First a few standard rules I go by in determining Waves 3, 4 & 5.
1) Wave 3 - A wave will not be labeled a Wave 3 unless the Elliott Oscillator
breaks comfortably above (up moves) or below (down moves) the Breakout band,
a GET proprietary indicator, which is the black line on my Oscillator on the
bottom of the chart. The Oscillator will run to it's highest point in a Wave
3.
2) Wave 4 - 94% of all wave 4's that have ended in a wave 5 making a new high
or low had the Elliott Oscillator pull back to at least 90% from the wave 3
peak. It is just as important that the Oscillator does not pull back more
than 40% of the Wave 3 Oscillator peak on the other side of the zero line
(140% from the high) or the probability of new highs or lows diminish.
3) Wave 5 - If all the prior conditions are met then look for Wave 5 to make
a new high or low. The strength of the Elliott Oscillator will not be as
strong in this final move therefore giving you a clear divergence from the
Wave 3 Oscillator highs or lows. This is where I look for an end to the 5
wave sequence up or down.
The above represents how I try to take some of the complication out of the
Elliott Wave theory. I can just look at the Oscillator and have a good idea
what wave we may be in. Which leads me to MU!
I look at (3) Elliott Oscillators, 5/17 (short term), 5/35 (Original) &
10/70 (Commercial), to see who's in control. Since both the short term &
original Oscillators have gone past 140% of the Oscillator high in Wave 3
(see original chart with 5/35 Oscillator) and the price has not broken below
the Blue, Green & Red wave 4 channels, another Get proprietary indicator, I
default to the 10/70 Commercial/Longterm Oscillator.
On the chart you can see that the 10/70 Oscillator is closing in on a 90%
pull back. When this happens I throw up (2) indicators, the Regression Trend
Channels & the 6/4 MA lines which are the 6 period MA of the highs displaced
4 periods and the 6 period MA of the lows displaced 4 periods. I will use
either one of these 2 indicators to get me into a trade depending on the
situation. In this case I would buy MU 1 tick above the high of the first
bar that CLOSES outside the blue MA line.
This is why I chose the MA lines over the Regression Trend Channels with
regard to MU. Many Waves are single sloped and others multi sloped.
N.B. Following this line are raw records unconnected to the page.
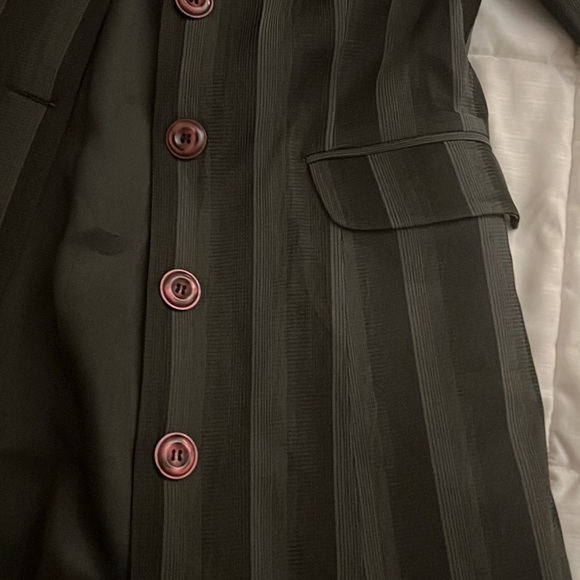 Blazer with stripes and button down - Picture 4 of 5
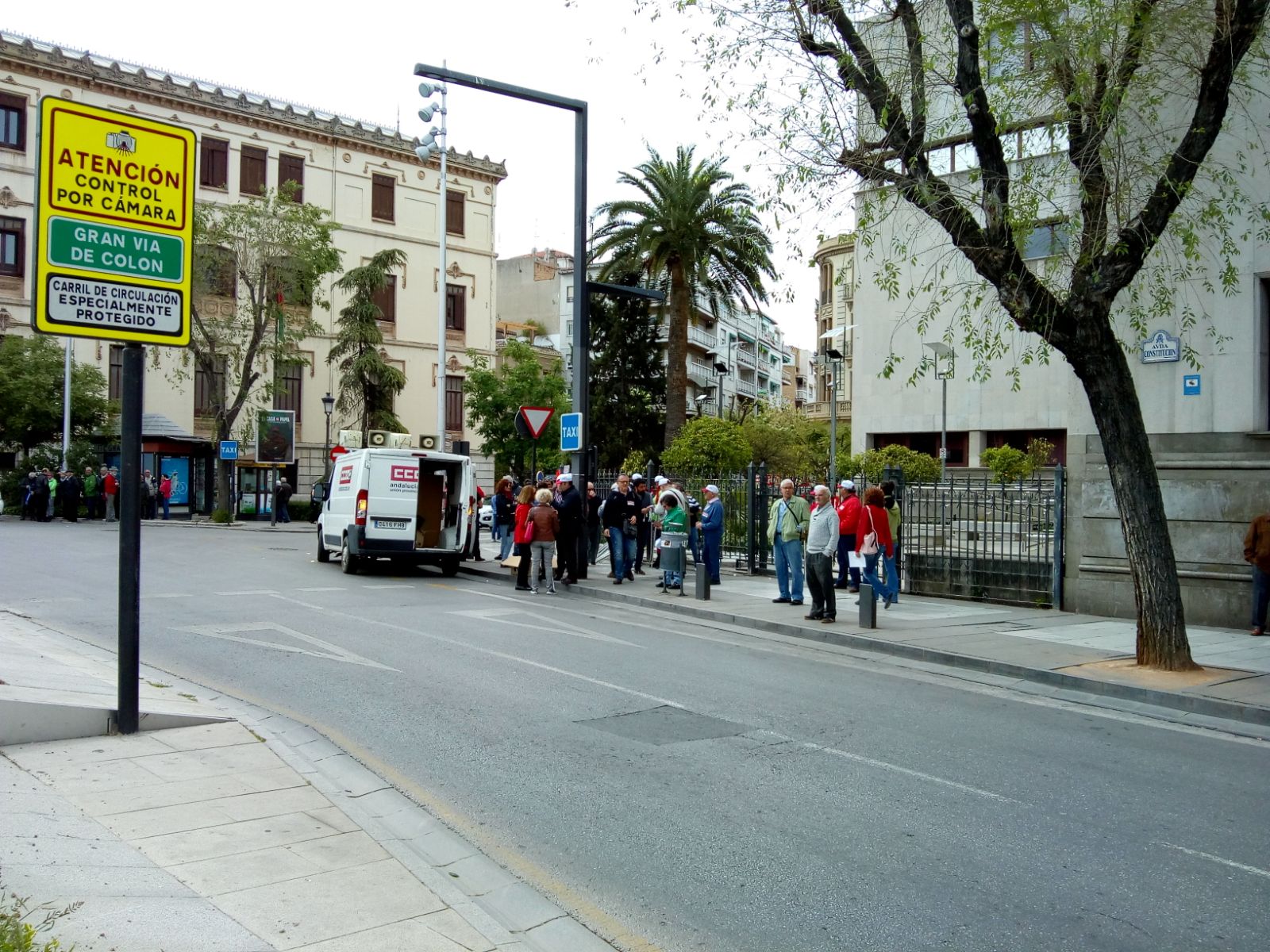 UGT y CCOO inician la manifestación con motivo del Día Internacional del Trabajo bajo el lema 'Tiempo de ganar', a la que asiste también el secretario general del PSOE de Granada, José Entrena
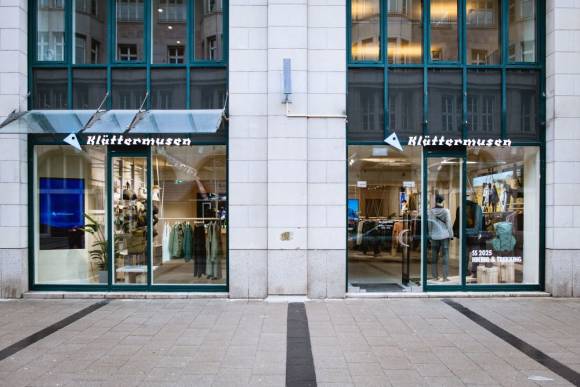 Der neue Klättermusen Brand Store in der Sendlinger Straße in München ist nicht nur ein normaler Store, sondern dient auch als Treffpunkt für Outdoor-Enthusiasten und Kreative.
If you
notice on my chart Wave 2 looks to be a single sloped line which is confirmed
by the Pearson's R reading of 0.979. The Wave 4 we are currently in seems to
be multi sloped with a clear ABC pattern evolving. Notice here that the
Pearson's R reading is down to 0.705 due to the multi slope nature of the
wave. The Regression Trend Channels got you in a lot earlier in the
transition from Wave 2 to wave 3 because it had a high Pearson's R reading
combined with a single slope wave. It put you in at about 40 compared to 46
1/4 with the MA's. Since the Pearson's R reading for the current Wave 4 is
low @ 0.705 and it appears multi sloped I would tend to use the MA lines as
an entry trigger rather than the RTC.
This way I let the market tell ME what wave we are in. The price may
close outside the MA line or it may not. If it closes outside the MA line it
may take out the high of that bar or it may not. Once your in the trade use
stops that make you feel the most comfortable.